▶ [Aim of the task]
With the pictures left out, print exactly the lines below that run from the one containing "Fly Swatters Telescopic" through the one containing "2 bed, 800 sqft, $1,395 — Photo 2".

▶ [Data extracts]
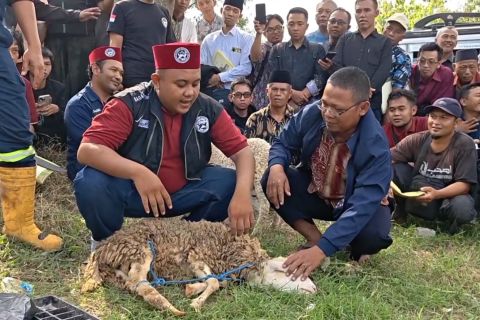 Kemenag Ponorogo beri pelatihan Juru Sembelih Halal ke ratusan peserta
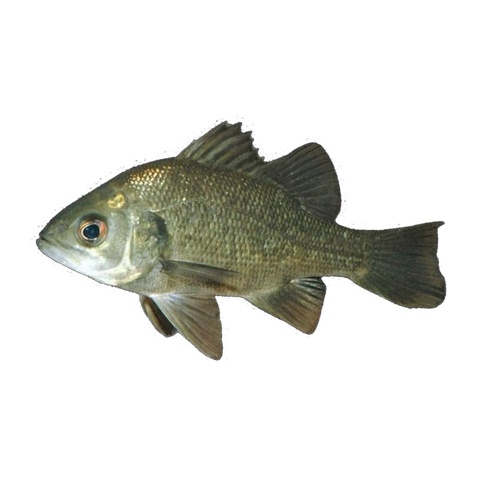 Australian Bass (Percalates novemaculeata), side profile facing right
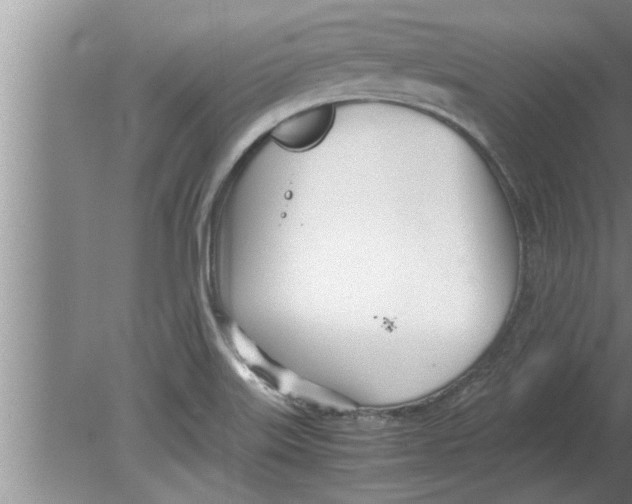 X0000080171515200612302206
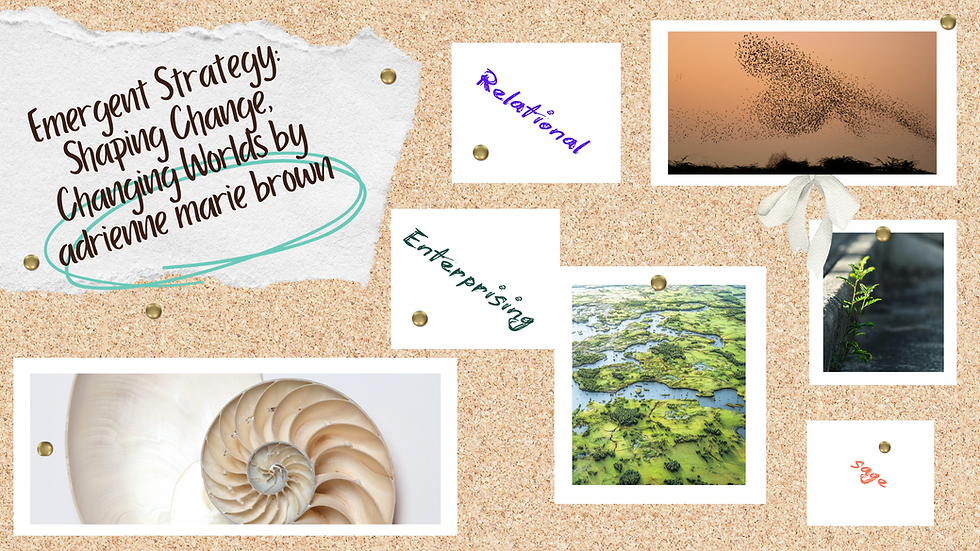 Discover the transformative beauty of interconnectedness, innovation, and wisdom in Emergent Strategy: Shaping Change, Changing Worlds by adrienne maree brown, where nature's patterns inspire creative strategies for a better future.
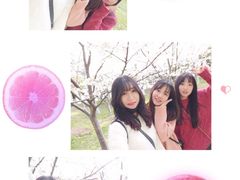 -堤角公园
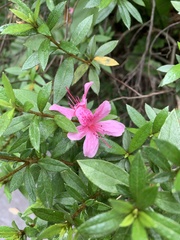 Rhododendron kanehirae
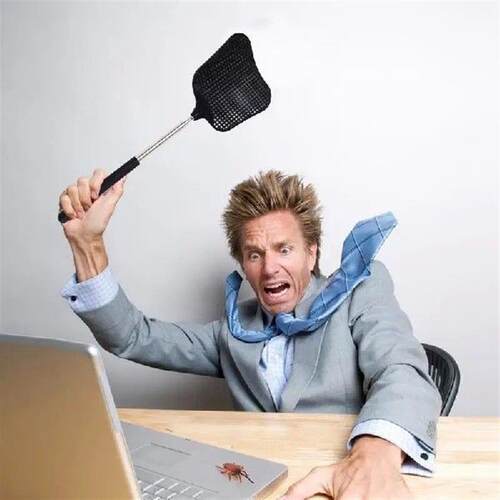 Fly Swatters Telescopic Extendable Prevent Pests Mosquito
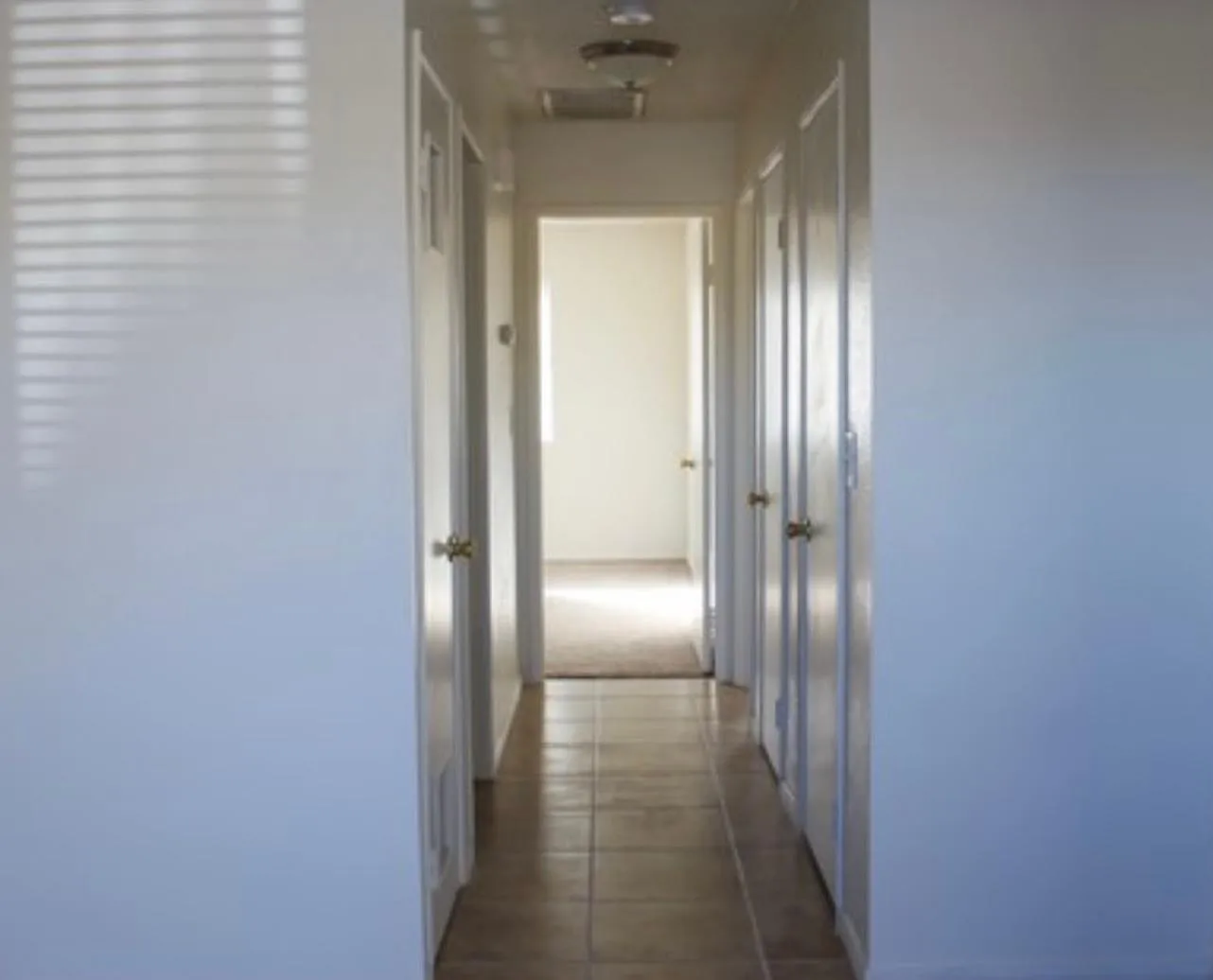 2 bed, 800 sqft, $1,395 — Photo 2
---
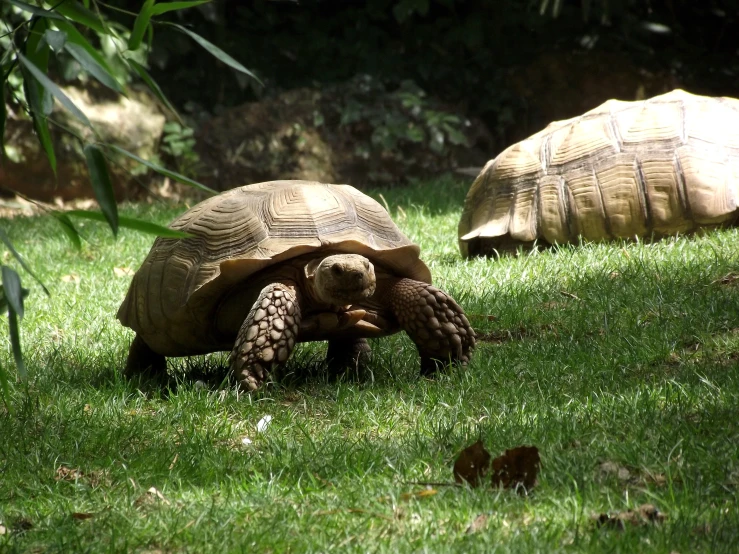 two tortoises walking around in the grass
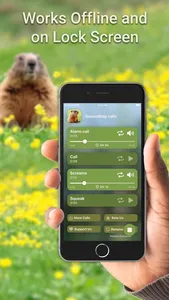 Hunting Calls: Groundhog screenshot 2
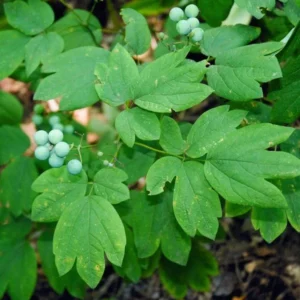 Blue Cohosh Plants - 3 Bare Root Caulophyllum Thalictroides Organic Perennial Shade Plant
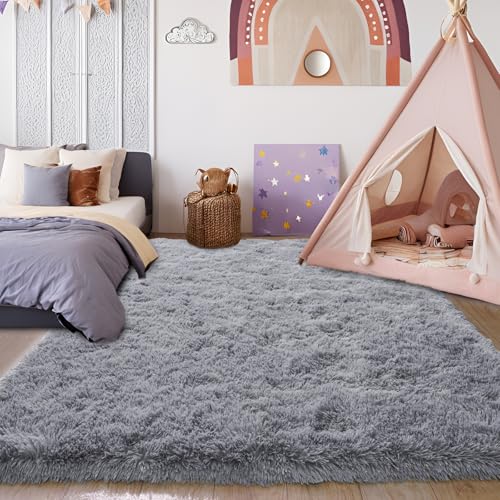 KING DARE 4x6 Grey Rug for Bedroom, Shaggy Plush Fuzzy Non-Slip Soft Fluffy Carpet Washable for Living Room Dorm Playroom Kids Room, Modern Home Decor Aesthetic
...
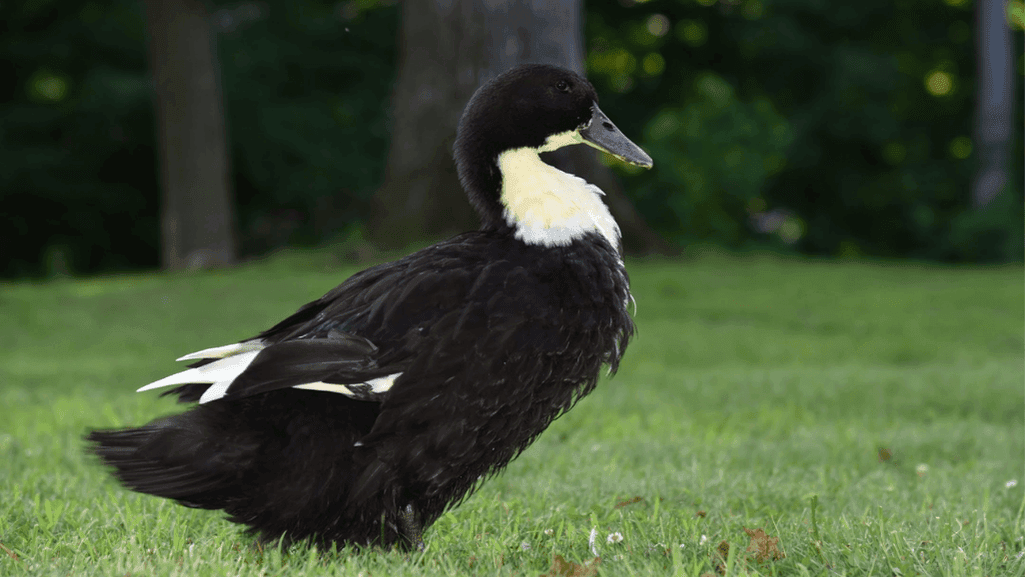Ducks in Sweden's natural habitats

▶ [Answer area]
 Fly Swatters Telescopic Extendable Prevent Pests Mosquito
 2 bed, 800 sqft, $1,395 — Photo 2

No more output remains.